The diary was met with hostility from the public, which saw it as a denigration of their ideal of German womanhood. It was withdrawn from circulation, and only reprinted after its author’s death in 2003.
Now Max Faerberboeck has made a film from the book, with Nina Hoss playing the journalist. It’s essentially a docudrama, but though deliberately paced and somewhat repetitive, it’s a powerful and enlightening one. The focus is on the residents of the building in which the protagonist lives, a varied group of characters that include a lesbian couple, a pragmatic widow, an elderly couple and some younger women. They, and the other locals, find themselves at the mercy of soldiers whose language they don’t understand and whose manners strike them as boorish—and who harbor an understandable grudge against the citizens of the country that invaded theirs. German women are particularly ill-treated, with rape so frequent that they commonly greet one another with a question about how many times they’ve been abused by the Russians.
The journalist’s ability to talk to the soldiers gives her an advantage, and while Andrei (Evgeny Sidikhin), the officer she approaches for help with the situation, initially refuses to intervene, he’s drawn to her, and the two become close, first in a purely transactional way but, as time goes on, with some affection—or at least concern—growing between them.
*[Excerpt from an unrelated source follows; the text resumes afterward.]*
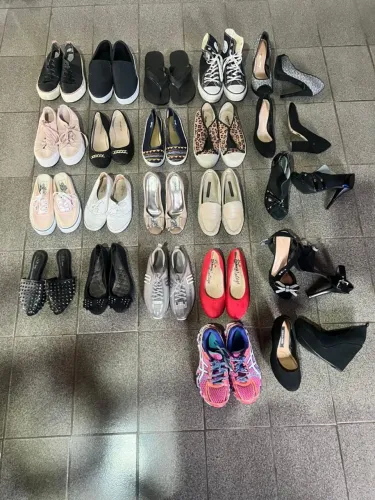 Lote 22 pares de calçados l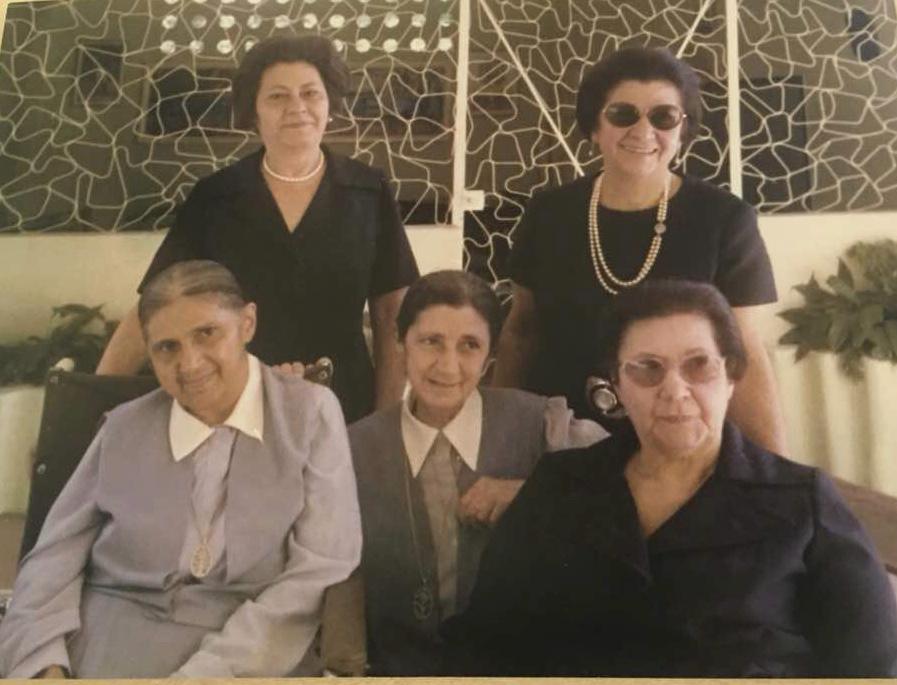 Hermanas de la familia Rendiles reunidas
He’s a cultured man with a sad, world-weary attitude that’s explained in due course, and though capable of violent mood swings, he makes her building a center of entertainment for his men.
There’s a good deal of sympathy engendered for the local residents as scenes of their mistreatment multiply; even the sequences of soldiers and their “hosts” eating and singing together can’t compensate. But the picture doesn’t become a mere catalogue of Soviet depravity and German suffering. The journalist is no innocent—early scenes show her and her husband Gerd (August Diehl) as committed fascists, gloating over German battlefield triumphs at opulent soirees—and in one strong sequence the soldiers tell their “hosts” of the atrocities the invading Nazis committed in Russia earlier in the war. These moments can’t establish an equivalency, but they do help to balance the scales.
Sometimes “A Woman in Berlin” slides toward melodrama, and at well over two hours it strays into epic territory. But in general, with its excellent acting and classy production, it’s a sound, strong rendering of the kind of episode that’s common in war but documented in this case better than most.
And the film ends with a coda that makes what happened all the worse. When the heroine’s husband Gerd returns from the front and reads his wife’s diary, he responds with revulsion at the thought of her straying so far from his expectation of how German women should have behaved, and abandons her in an act that presages the original public reaction to her book. It makes a fitting conclusion to a film that offers a ray of hope for the possibility of human connection in even the darkest circumstances, but also shows how dark those circumstances can be.